Group A (Streptococcus pyogenes)

  • Streptococcus pyogenes is transmitted through coughs, sneezes or direct contact
  • It can be either non-invasive (not spread into the bloodstream) or invasive (spread into the bloodstream and to other body sites)
  • The most common of the non-invasive infections include:
    • strep throat: sore throat specifically caused by streptococcal infection
    • impetigo: contagious skin infection that causes sores and blisters
    • scarlet fever: infectious disease causing a sore throat and characteristic red rash.
  • Invasive infections are much rarer and occur when the bacteria infects other areas of the body such as the blood and organs. This can result in:
    • pneumonia: inflammation of the tissue in the lungs
    • bacteraemia: infection of the blood
    • necrotising fasciitis: flesh-eating disease.
  • Left untreated, potential complications of Group A infection include rheumatic fever, a disease that affects the joints, kidneys and heart.

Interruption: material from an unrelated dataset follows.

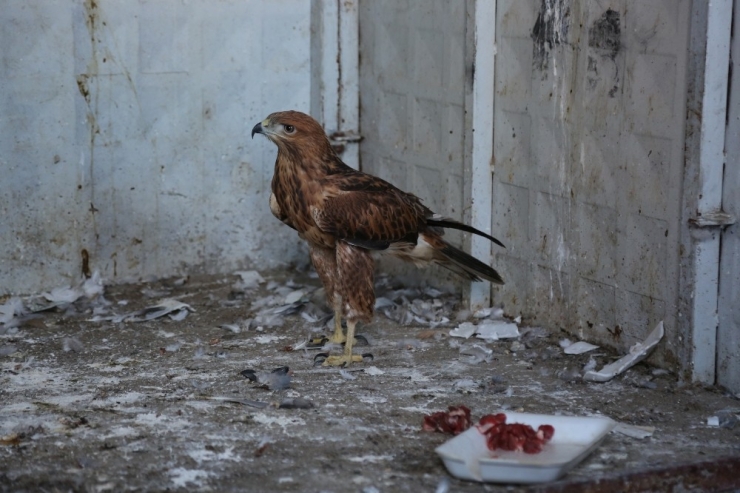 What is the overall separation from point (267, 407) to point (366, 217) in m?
1.17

Diagnosis and treatment of Group A infections

  • For non-invasive infections a Rapid Strep Test (RST) can be carried out. This involves a doctor taking a throat or nose swab that is analysed for group A Streptococcus. An RST is one of the most common tests for this type of infection.
  • For suspected invasive infections a blood test may be taken.
  • Most infections are treated with antibiotics:
    • superficial skin infections can be treated with topical antibiotic ointments
    • other infections can be treated with oral or intravenous antibiotics depending on the severity of the infection.
  • Where the infection has caused a lot of skin damage, for example in cases of necrotising fasciitis, damaged tissue may be removed surgically.

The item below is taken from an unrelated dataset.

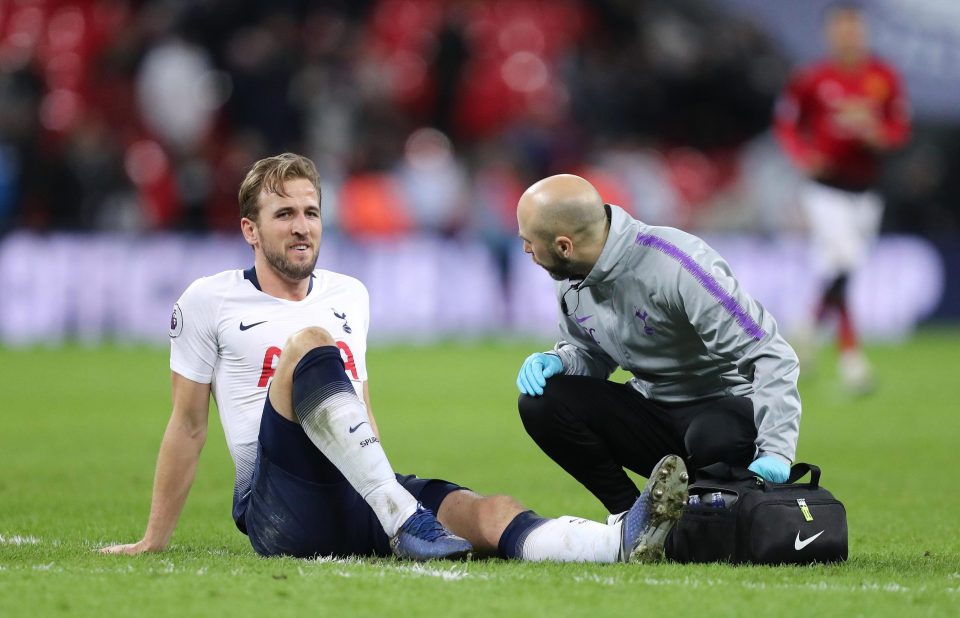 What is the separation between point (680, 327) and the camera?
519cm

Group B (Streptococcus agalactiae)

  • Streptococcus agalactiae usually lives harmlessly inside the digestive system and female genitals.
  • It can be transmitted sexually or from mother to baby during birth.
  • Group B β-haemolytic Streptococcus tend to only affect new born babies as the bacteria can be passed onto the baby from the mother through the amniotic fluid (protective fluid that surrounds the foetus in the womb).
  • Due to being continually exposed to it through our lifetimes most people quickly develop a natural immunity to Group B β-haemolytic Streptococcus.
  • Symptoms of group B β-haemolytic streptococcal infection in a newborn baby include:
    • being floppy and unresponsive
    • poor feeding
    • unusually high or low body temperature
    • unusually fast or slow heart rate
  • If left untreated, group B β-haemolytic streptococcal infections can also lead to much more serious conditions such as meningitis and pneumonia.
  • Factors increasing risk of group B β-haemolytic streptococcal infection in new-born babies include:
    • premature birth
    • being part of a multiple birth
    • having a mother with a history of group B streptococcal infection.

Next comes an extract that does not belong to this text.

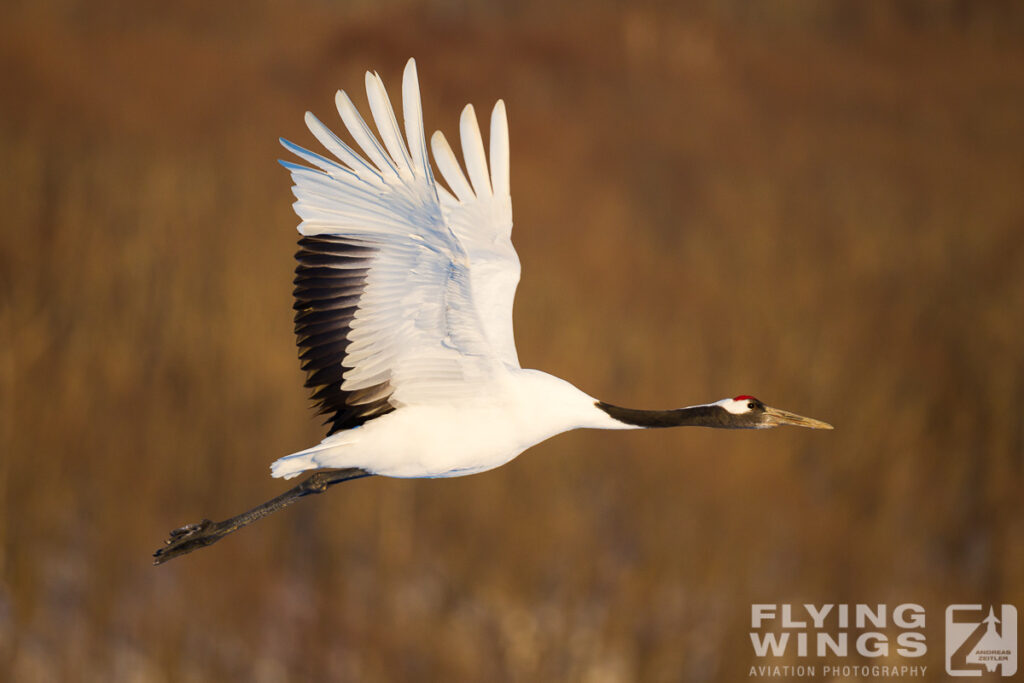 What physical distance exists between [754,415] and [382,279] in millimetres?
2005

Diagnosis and treatment of Group B infections

  • These infections are diagnosed by a blood, urine or cerebral spinal fluid sample to identify the bacteria.
  • A culture of fluid from the vagina or rectum can also determine if a woman is infected.
  • The infection is treated with antibiotics, often directly into the bloodstream (intravenously).
  • Treatment of these infections may require a hospital stay.

Preventing Group B Streptococcal infection in newborns

  • Healthcare professionals take measures during labour and after birth to prevent newborns becoming infected with Streptococcus.  
  • If a baby is known to be at risk of Streptococcus infection, antibiotic injections are given to the mother during labour or to the baby shortly after birth.